# Chicken Breast on the Pellet Grill, Thanks Goliath!



## disco (Sep 29, 2015)

Goliath kindly gave me some advice when I got my Louisiana Grills Pellet Smoker. One of the things he told me was how well his did boneless skinless chicken breasts. Not wanting to argue with an expert, I had to give it a try.

I started off with two chicken breast halves. I wanted to keep it simple as I am still learning the new smoker.

I just rubbed them with Cabela's chicken rub and put them on the grill which I had preheated to 350 F. I brushed the top with barbecue sauce. After 15 minutes, I turned them and brushed with barbecue sauce. I cooked for another 15 minutes. I made sure the internal temperature was over 165 and served.













Chicken Breast on the Pellet Smoker 1.jpg



__ disco
__ Sep 29, 2015


















Chicken Breast on the Pellet Smoker 2.jpg



__ disco
__ Sep 29, 2015


















Chicken Breast on the Pellet Smoker 3.jpg



__ disco
__ Sep 29, 2015






I served them with oven fried potatoes and Summer Squash and Tomatoes I cooked on the grill. The veggies turned out so well, I will post them.

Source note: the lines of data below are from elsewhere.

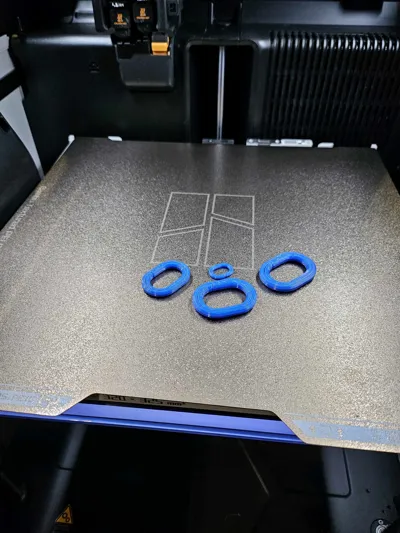 https://makerworld.bblmw.com/makerworld/model/16178/26800/ratings/4e653230-c591-11f0-b60b-936764d51c2c.jpg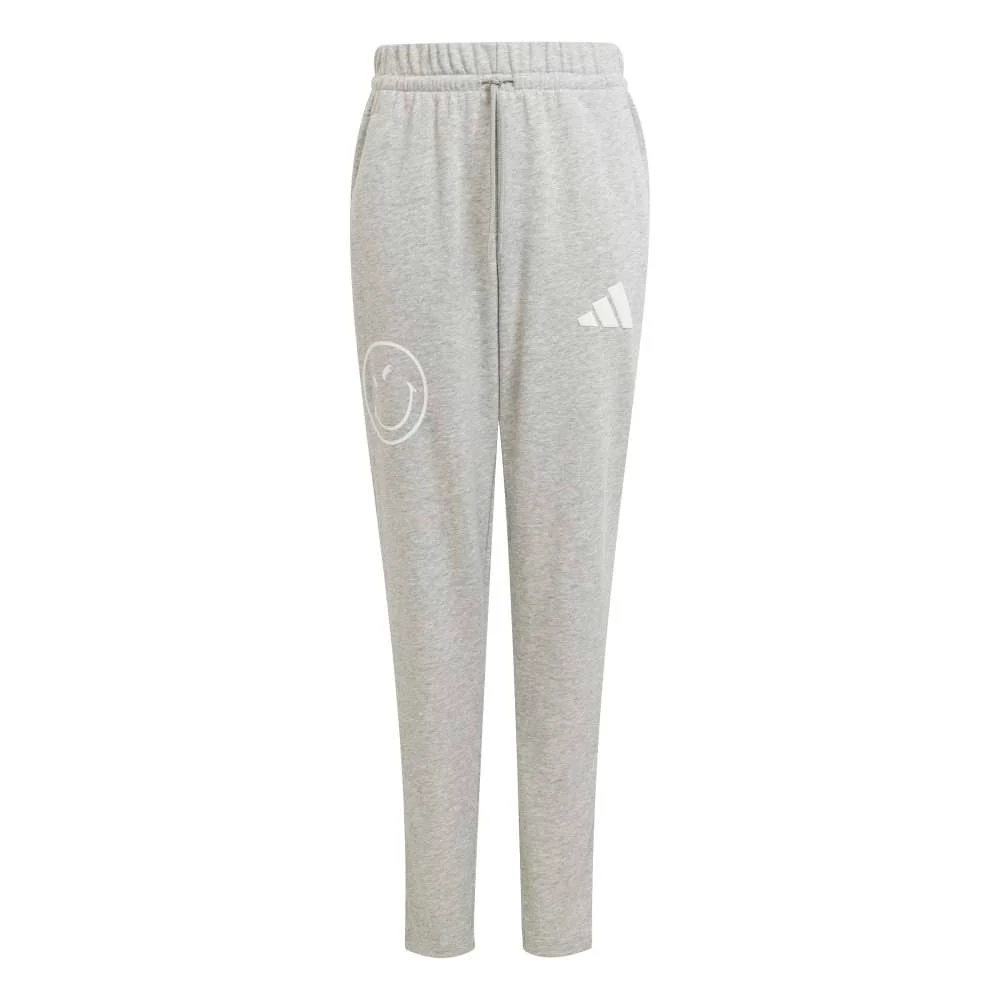 J SMI PANT - Image 4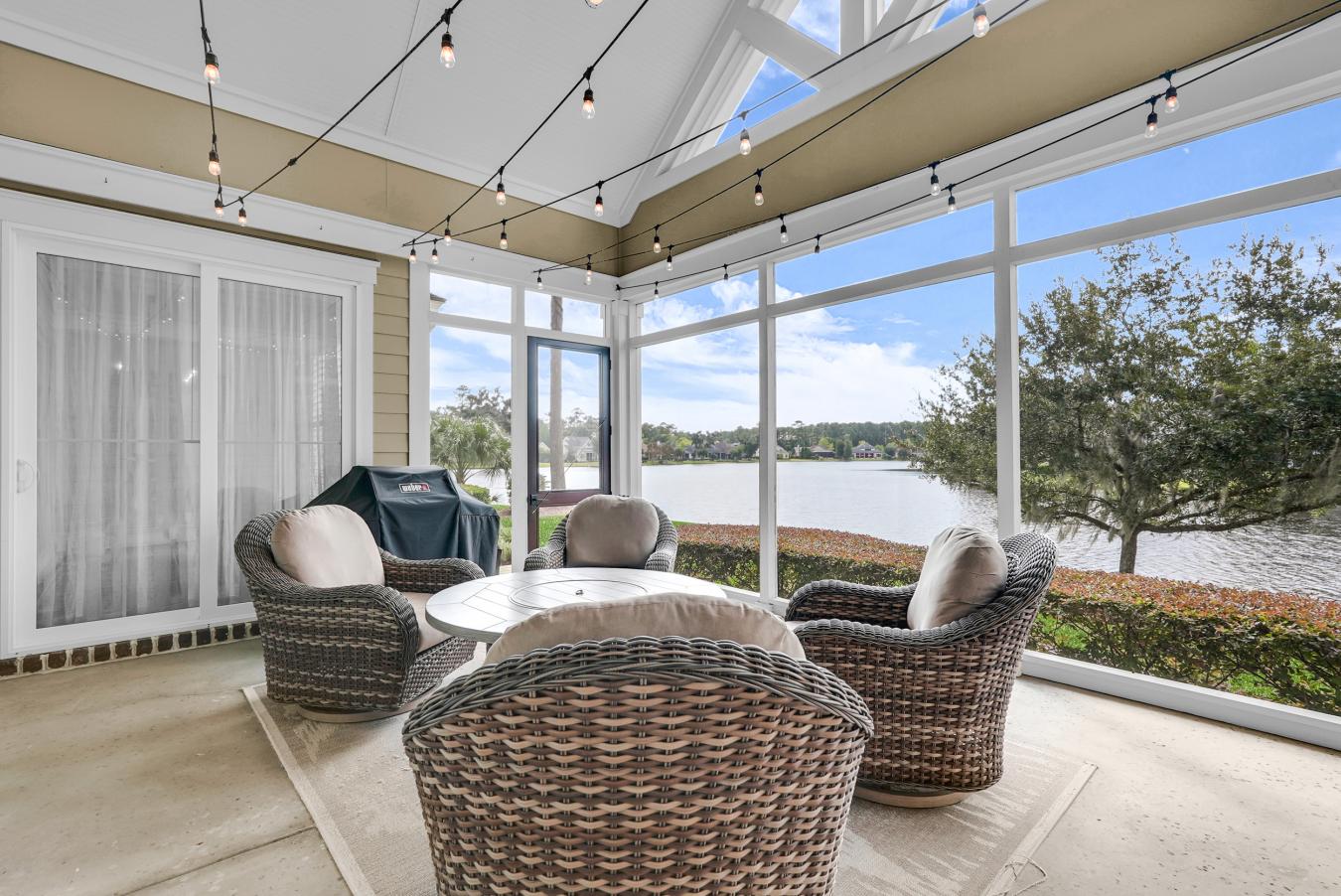 Bluffton, Beaufort, 29910, United States, 4 Bedrooms Bedrooms, ,4 BathroomsBathrooms,Residential,For Sale,1953217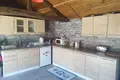 4 bedroom apartment 120 m² Bolyarovo, Bulgaria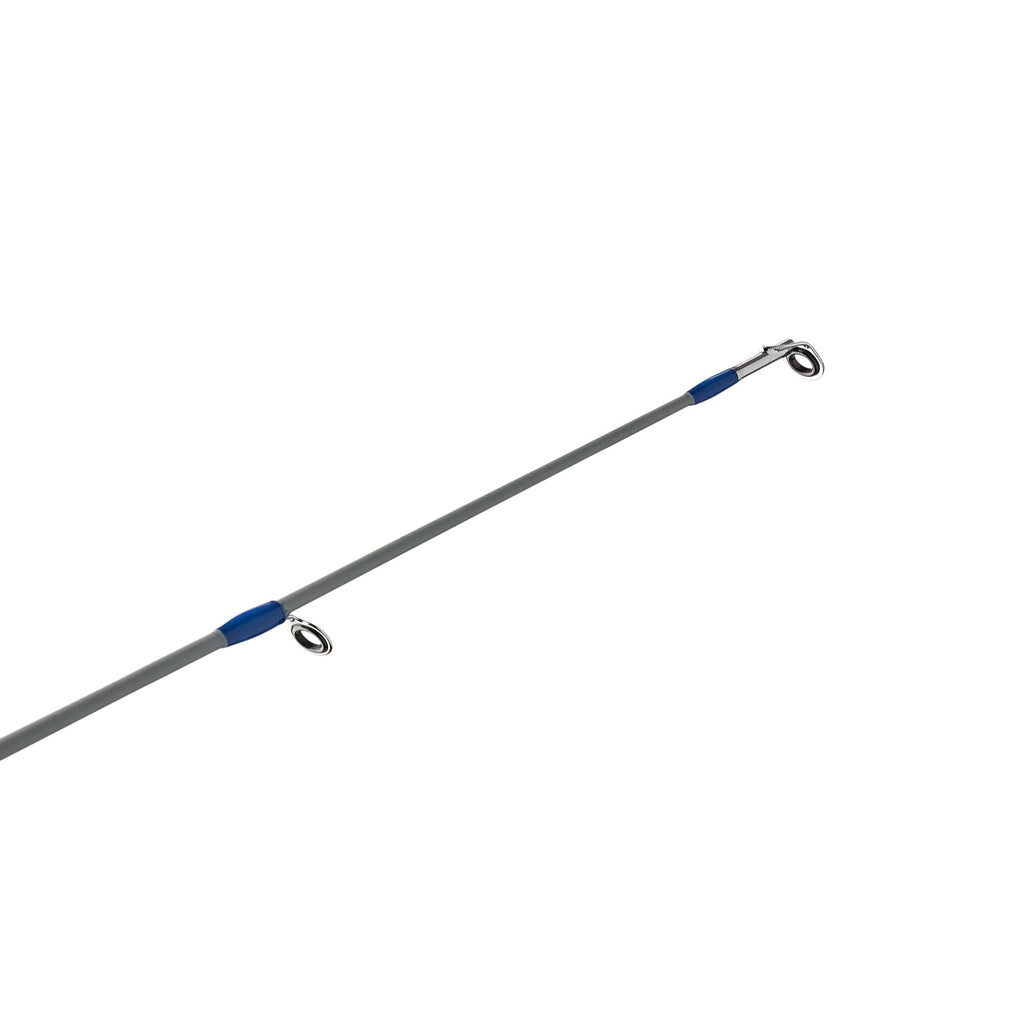 Shakespeare Agility® Spinning Rod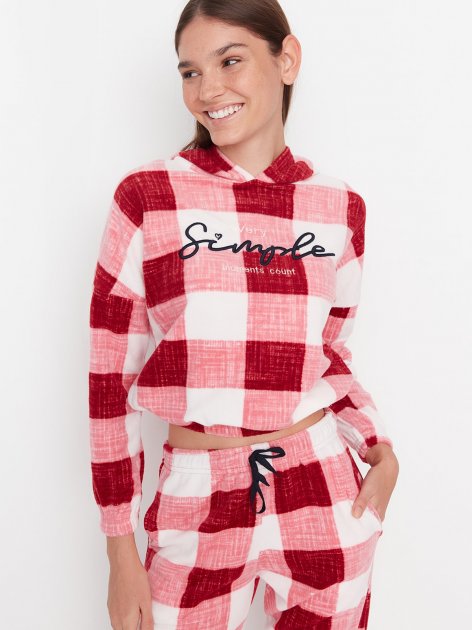 ТОП-7 текстильных атрибутов для сладких снов - фото ТОП-7 текстильных атрибутов для сладких снов - фото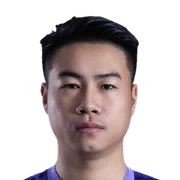 Yang Fan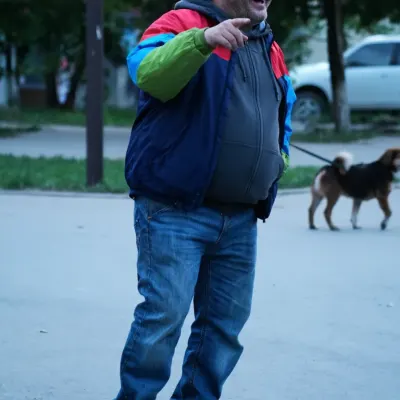 Нурлан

Chicken Breast on the Pellet Smoker 4.jpg



__ disco
__ Sep 29, 2015






*The Verdict*

Goliath didn't lie to me. I was amazed at how moist these were. Normally, boneless chicken breasts get a little tough and dry. These were perfect. Thanks, Goliath.

Disco


----------



## dannylang (Oct 4, 2015)

great looking chicken breast, disco. and great looking post and good pictures.

dannylang


----------



## WaterinHoleBrew (Oct 4, 2015)

Another awesome smoke Disco, that's some real tasty lookin chicken there....


----------



## disco (Oct 4, 2015)

dannylang said:


> great looking chicken breast, disco. and great looking post and good pictures.
> 
> dannylang


Thanks. Learning to use a new rig is fun!


WaterinHoleBrew said:


> Another awesome smoke Disco, that's some real tasty lookin chicken there....


Thanks, Justin!


----------



## b-one (Oct 4, 2015)

Looks like the new toy is working out!


----------



## disco (Oct 4, 2015)

b-one said:


> Looks like the new toy is working out!


It is fun learning about a new rig!​


----------